After previously pleading not guilty alongside the Real Housewives of Salt Lake City star, Smith, 43, changed his plea to guilty during a Friday appearance before Southern District of New York Judge Sidney H. Stein. 

Smith was arrested and charged in March with one count of conspiracy to commit wire fraud in connection with telemarketing — through which he allegedly victimized 10 or more persons over the age of 55 — one count of conspiracy to commit money laundering and one count of obstructing an official proceeding. 

His boss, Shah, 48, was arrested and charged at the same time. The two pleaded not guilty during an arraignment in April, and Shah has continued to maintain her innocence. 

Stein set Smith’s sentencing for March 3rd and released him on bail in the meantime. The judge also noted that the maximum combined sentence for the three charges is 70 years in prison. 

According to a previous court document obtained by PEOPLE, others who were involved in the same telemarketing scheme and pleaded guilty to similar charges were given sentences ranging from about 5 to 7 years.   

During his hearing, Smith read out a statement admitting to his crimes relating to various telemarketing companies he said he either helped create or worked for between 2008 and 2021.   

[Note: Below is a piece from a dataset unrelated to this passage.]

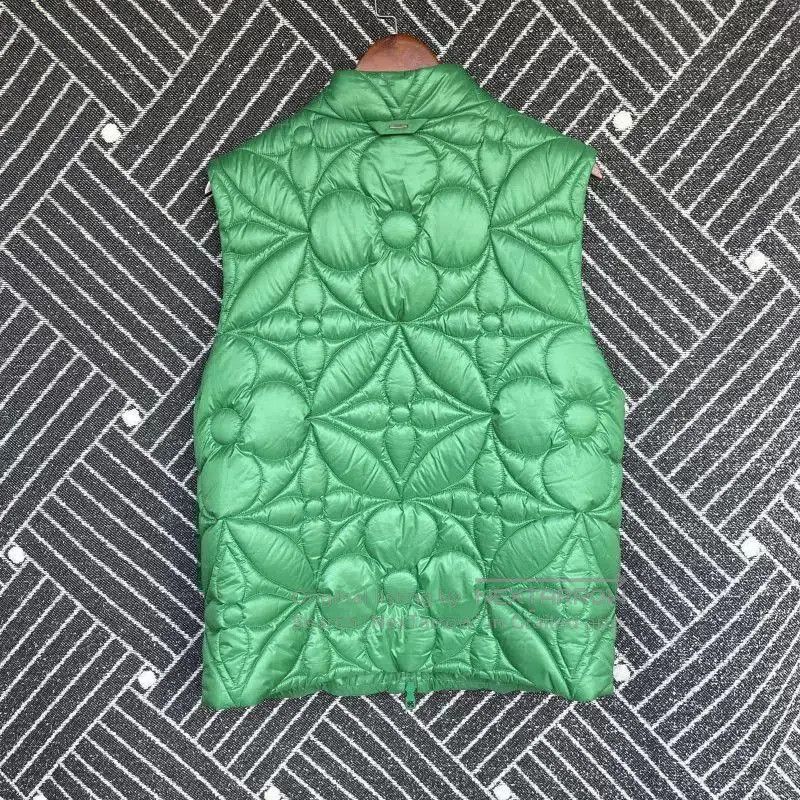 Louis Vuitton louis vuitton men's green quilted vest. Size US L / EU 52-54 / 3 - 2 Thumbnail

“I knowingly and intentionally discussed and engaged with other individuals to develop a plan or operation to obtain money by false representation by offering and inducing individuals, many of whom were over 50 years of age or older, to provide money to entities that I and others were involved with,” he began. 

Smith continued, sharing that he “became aware that these telemarketing companies were misleading customers of those entities by selling individuals, many of them who were older than 50 years of age, information that purported to be services to enhance their business opportunities.” 

“The services sold were of no value and of no real benefit to the customer,” he said.

A lawyer for Smith did not immediately respond to PEOPLE’s request for comment.  

In a press release announcing Shah and Smith’s arrests earlier this year, prosecutors alleged they carried out a nationwide telemarketing scheme with the help of others between 2012 and March of this year. They were accused of having “defrauded hundreds of victims” with purported business services.

Prosecutors further claimed that Shah and Smith’s scheme was a “coordinated effort to traffic in lists of potential victims,” referred to as “leads.” From there, they allegedly sold those leads to telemarketing companies that would attempt to sell business services to the targeted individuals. Both “received as profit a share of the fraudulent revenue per the terms of their agreement with those participants,” according to the indictment.

According to a court document obtained by PEOPLE in July, Shah and Smith are both “Tier A” defendants in the ongoing fraud case. The document claims the duo were “responsible for orchestrating the broader scheme” and “supplying the leads that sustained” the telemarketing companies. 

In September, Shah appeared alongside The Real Housewives of Potomac’s Gizelle Bryant on Bravo’s “Spilling Iced Tea” Instagram Live and addressed her ongoing legal woes.

“I think what people don’t understand is, here in America, you’re innocent until proven guilty. I’m innocent,” she said. “And I believe that this is not just my test, this is everybody’s test close to me and in my corner.” 

If Jen’s as involved as prosecutors believe, this is NOT a good look for her.